● Supplied information
********

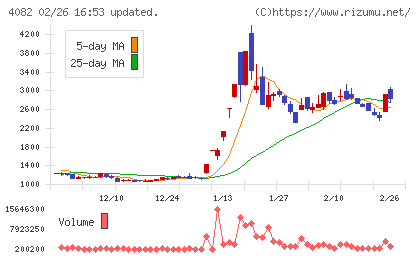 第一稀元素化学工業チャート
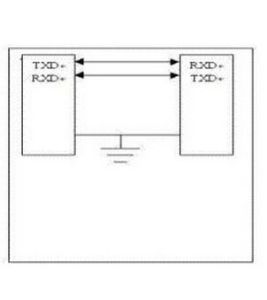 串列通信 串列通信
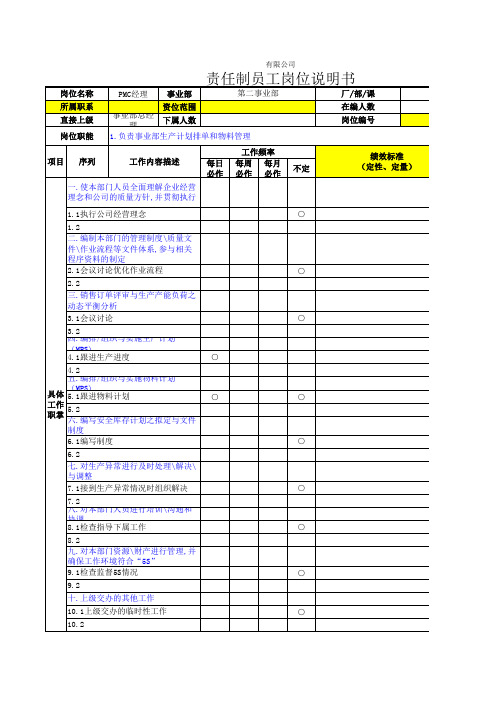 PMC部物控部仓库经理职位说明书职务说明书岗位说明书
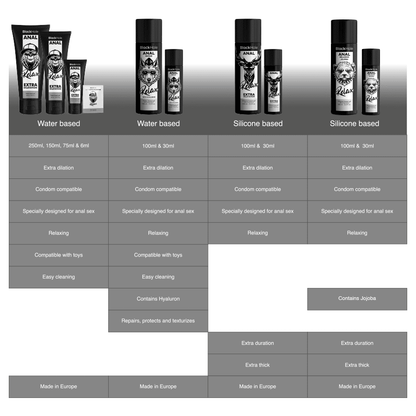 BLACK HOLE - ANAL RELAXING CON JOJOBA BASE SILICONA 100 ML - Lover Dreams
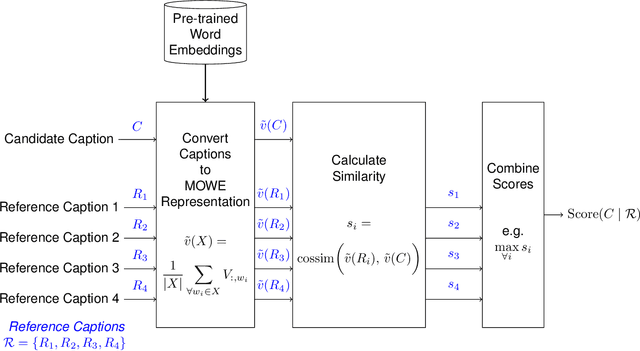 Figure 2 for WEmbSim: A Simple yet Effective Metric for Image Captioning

********

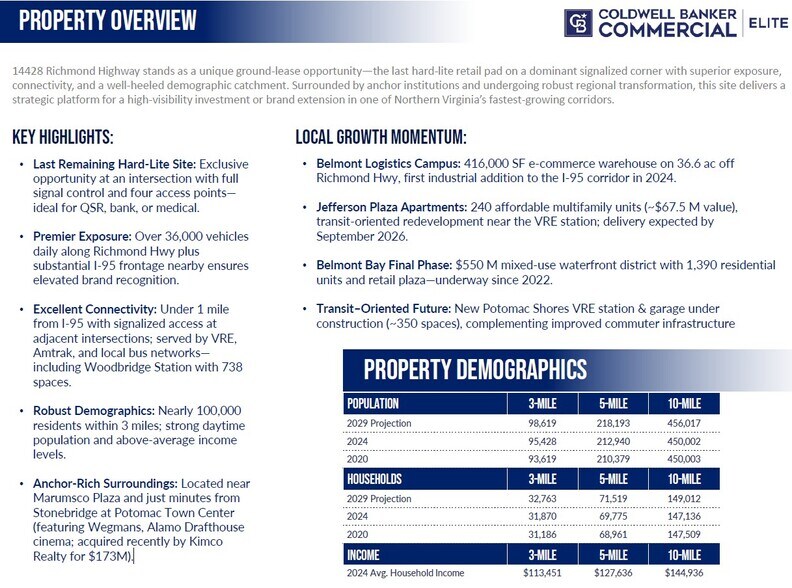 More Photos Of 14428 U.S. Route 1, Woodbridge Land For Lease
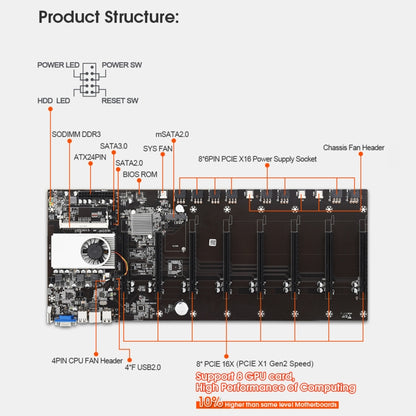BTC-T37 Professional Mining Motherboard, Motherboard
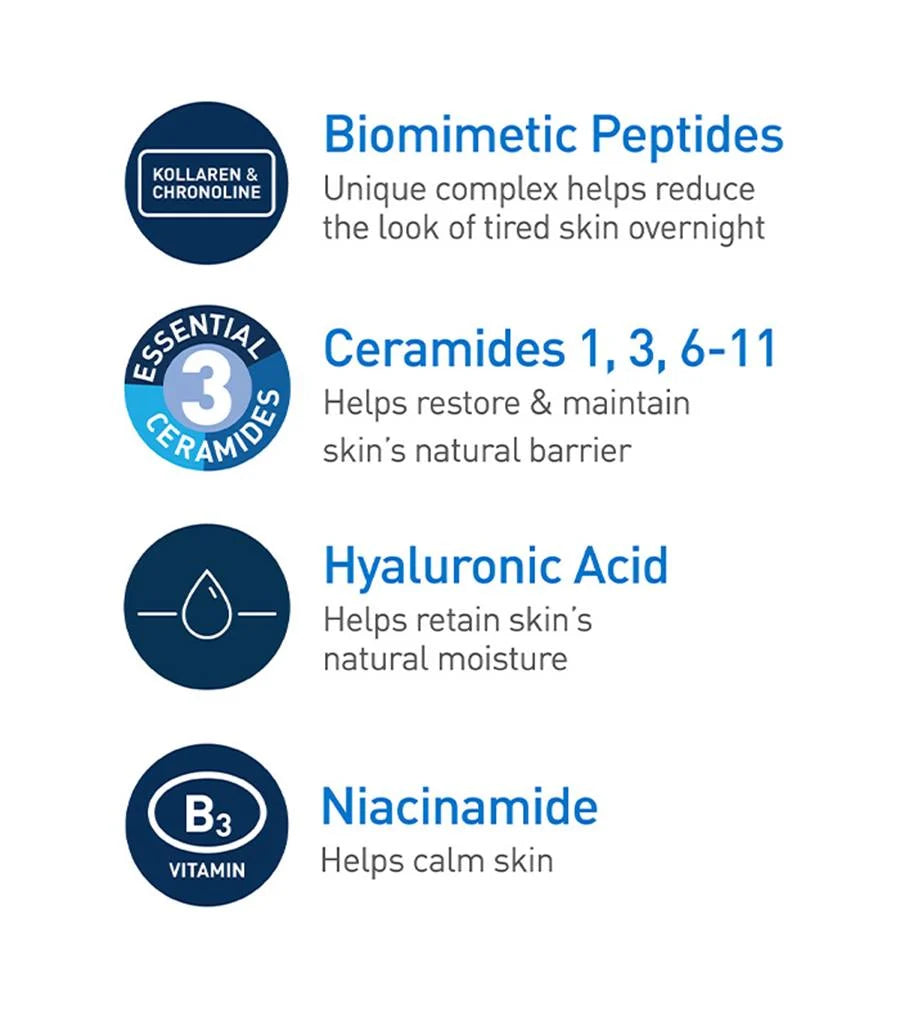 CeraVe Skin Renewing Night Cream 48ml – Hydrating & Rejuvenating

********

● The problem
Would you write out exactly the lines above, starting at the line containing "BLACK HOLE - ANAL" and stopping after the line containing "Figure 2 for"? Omit the pictures.

● Answer for this exercise
 BLACK HOLE - ANAL RELAXING CON JOJOBA BASE SILICONA 100 ML - Lover Dreams
 Figure 2 for WEmbSim: A Simple yet Effective Metric for Image Captioning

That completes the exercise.